Loop over a tensor and apply function to each element

Question

I want to loop over a tensor which contains a list of Int, and apply a function to each of the elements. In the function every element will get the value from a dict of python. I have tried the easy way with tf.map_fn, which will work on add function, such as the following code:

import tensorflow as tf

def trans_1(x):
    return x+10

a = tf.constant([1, 2, 3])
b = tf.map_fn(trans_1, a)
with tf.Session() as sess:
    res = sess.run(b)
    print(str(res))
# output: [11 12 13]

But the following code throw the KeyError: tf.Tensor'map_8/while/TensorArrayReadV3:0' shape=() dtype=int32 exception:

import tensorflow as tf

kv_dict = {1:11, 2:12, 3:13}

def trans_2(x):
    return kv_dict[x]

a = tf.constant([1, 2, 3])
b = tf.map_fn(trans_2, a)
with tf.Session() as sess:
    res = sess.run(b)
    print(str(res))

My tensorflow version is 1.13.1. Thanks ahead.

Answer 1

There is a simple way to achieve, what you are trying.

The problem is that the function passed to map_fn must have tensors as its parameters and tensor as the return value. However, your function trans_2 takes plain python int as parameter and returns another python int. That's why your code doesn't work.

However, TensorFlow provides a simple way to wrap ordinary python functions, which is tf.py_func, you can use it in your case as follows:

import tensorflow as tf

kv_dict = {1:11, 2:12, 3:13}

def trans_2(x):
    return kv_dict[x]

def wrapper(x):
    return tf.cast(tf.py_func(trans_2, [x], tf.int64), tf.int32)

a = tf.constant([1, 2, 3])
b = tf.map_fn(wrapper, a)
with tf.Session() as sess:
    res = sess.run(b)
    print(str(res))

you can see I have added a wrapper function, which expects tensor parameter and returns a tensor, that's why it can be used in map_fn.
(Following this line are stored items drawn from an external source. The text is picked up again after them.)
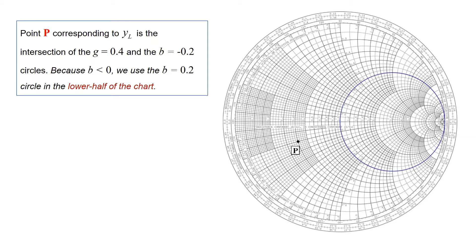Point P corresponds to the normalized load admittance yL, equal to G plus JB, where G is 0.4 and B is minus 0.2. So how do we get that point on the chart? It's the intersection of the G equal to 0.4 circle with the B equal to minus 0.2 circle. Since B is negative, we're on the lower half of the chart. We find the G equal to 0.4 circle, and then the B equal to 0.2 circle on the bottom of the chart, and their intersection is point P.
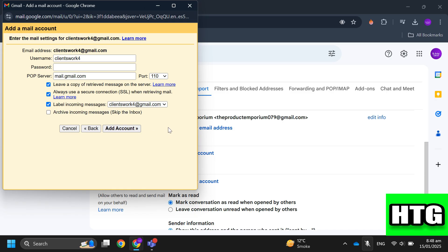Once you've added your business email to Gmail, your settings will be updated and you can now use your Gmail as a business account. That's how you can correctly change Gmail from personal to business.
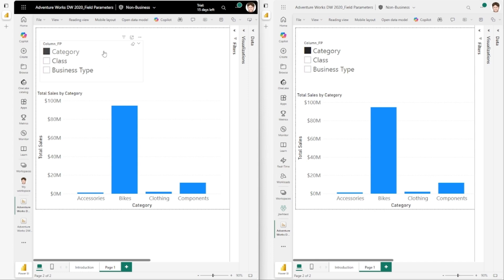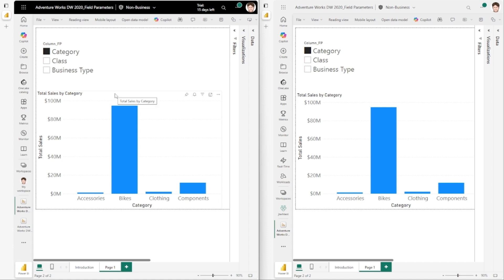Now, as soon as I switch the field selected by the field parameter from category to class in the previous behavior, what we would see is that the sort order would reset to the default sort order of this visual type, which happens to be the measure - the total sales measure descending. So if I select class,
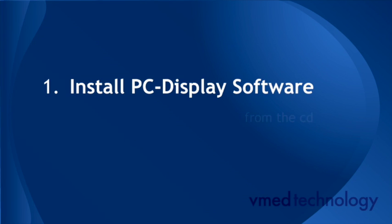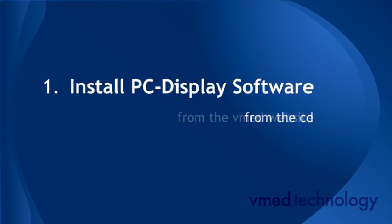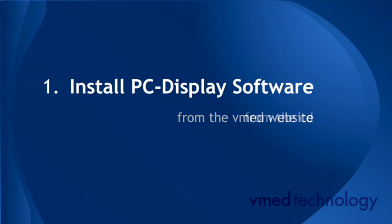You can either install that from the CD that came with your computer, or from the VMED website. We'll start by first installing from the CD.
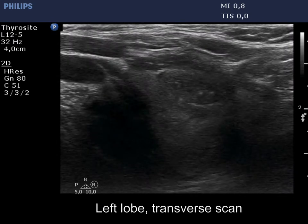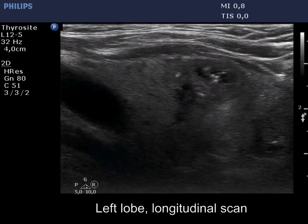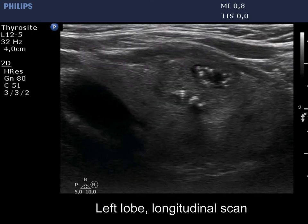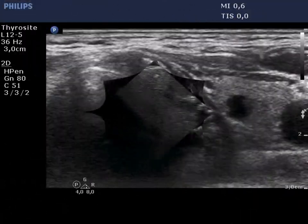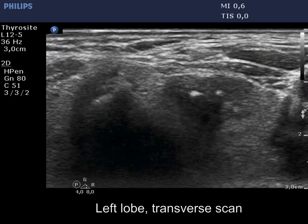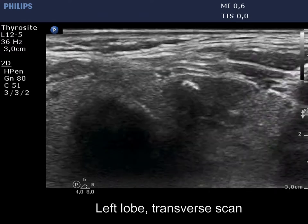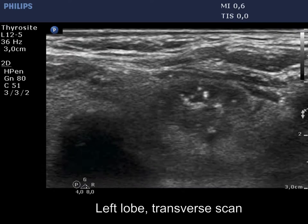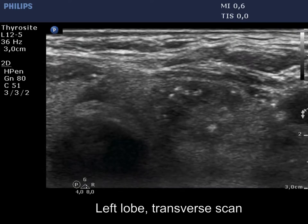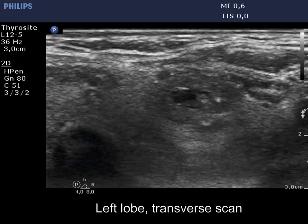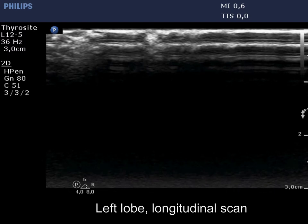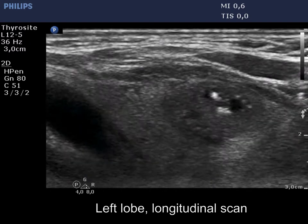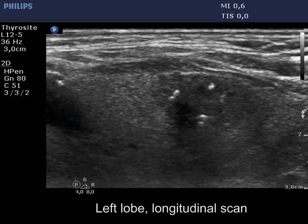We present the nodule by using three different settings. First, we choose the best resolution. Now the nodule is demonstrated by using the best penetrance. The question is the origin of smaller echogenic granules which form clusters. These figures partly correspond to groups of microcalcifications.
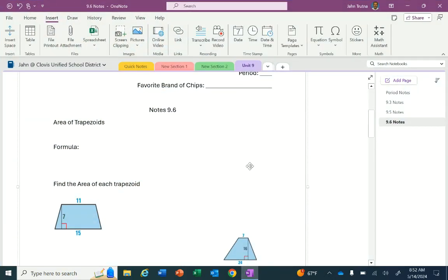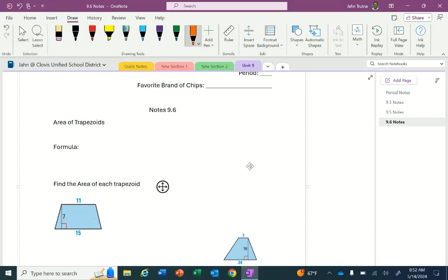So 9.6 trapezoids. We're talking about area of a trapezoid. When we talk about area of shapes, area refers to the space inside. So when we're finding area of a shape, we are finding how much space is actually inside the shape.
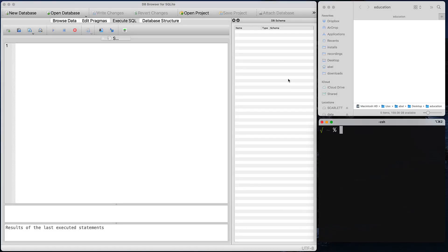There are a couple of working environments that you can use to work on your database. I'm going to start off here by showing you DB Browser, and then later I will show you Visual Studio.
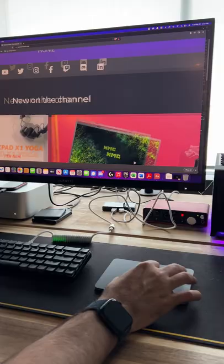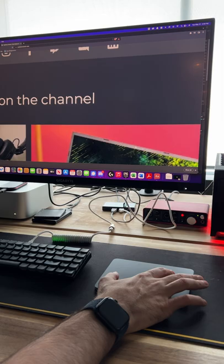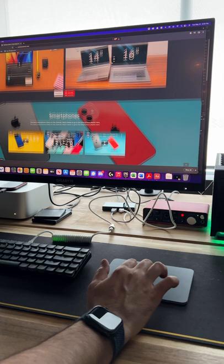Zooming in and out with a pinch gesture is much easier than pressing shortcut key combos. Scrolling up and down a web page is more precise than using a scroll wheel. The three finger drag to move files is genius.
The cast is used because python by default uses 64-bit integers, whereas TensorFlow uses 32-bit integers.

Answer 2

You cannot use a function like that, because the parameter x is a TensorFlow tensor, not a Python value. So, in order for that to work, you would have to turn your dictionary into a tensor as well, but it's not so simple because keys in the dictionary may not be sequential.

You can instead solve this problem without mapping, but instead doing something similar to what is proposed here for NumPy. In TensorFlow, you could implement it like this:

import tensorflow as tf

def replace_by_dict(x, d):
    # Get keys and values from dictionary
    keys, values = zip(*d.items())
    keys = tf.constant(keys, x.dtype)
    values = tf.constant(values, x.dtype)
    # Make a sequence for the range of values in the input
    v_min = tf.reduce_min(x)
    v_max = tf.reduce_max(x)
    r = tf.range(v_min, v_max + 1)
    r_shape = tf.shape(r)
    # Mask replacements that are out of the input range
    mask = (keys >= v_min) & (keys <= v_max)
    keys = tf.boolean_mask(keys, mask)
    values = tf.boolean_mask(values, mask)
    # Replace values in the sequence with the corresponding replacements
    scatter_idx = tf.expand_dims(keys, 1) - v_min
    replace_mask = tf.scatter_nd(
        scatter_idx, tf.ones_like(values, dtype=tf.bool), r_shape)
    replace_values = tf.scatter_nd(scatter_idx, values, r_shape)
    replacer = tf.where(replace_mask, replace_values, r)
    # Gather the replacement value or the same value if it was not modified
    return tf.gather(replacer, x - v_min)

# Test
kv_dict = {1: 11, 2: 12, 3: 13}
with tf.Graph().as_default(), tf.Session() as sess:
    a = tf.constant([1, 2, 3])
    print(sess.run(replace_by_dict(a, kv_dict)))
    # [11, 12, 13]

This will allow you to have values in the input tensor without replacements (left as they are), and also does not require to have all the replacement values in the tensor. It should be efficient unless the minimum and maximum values in your input are very far away.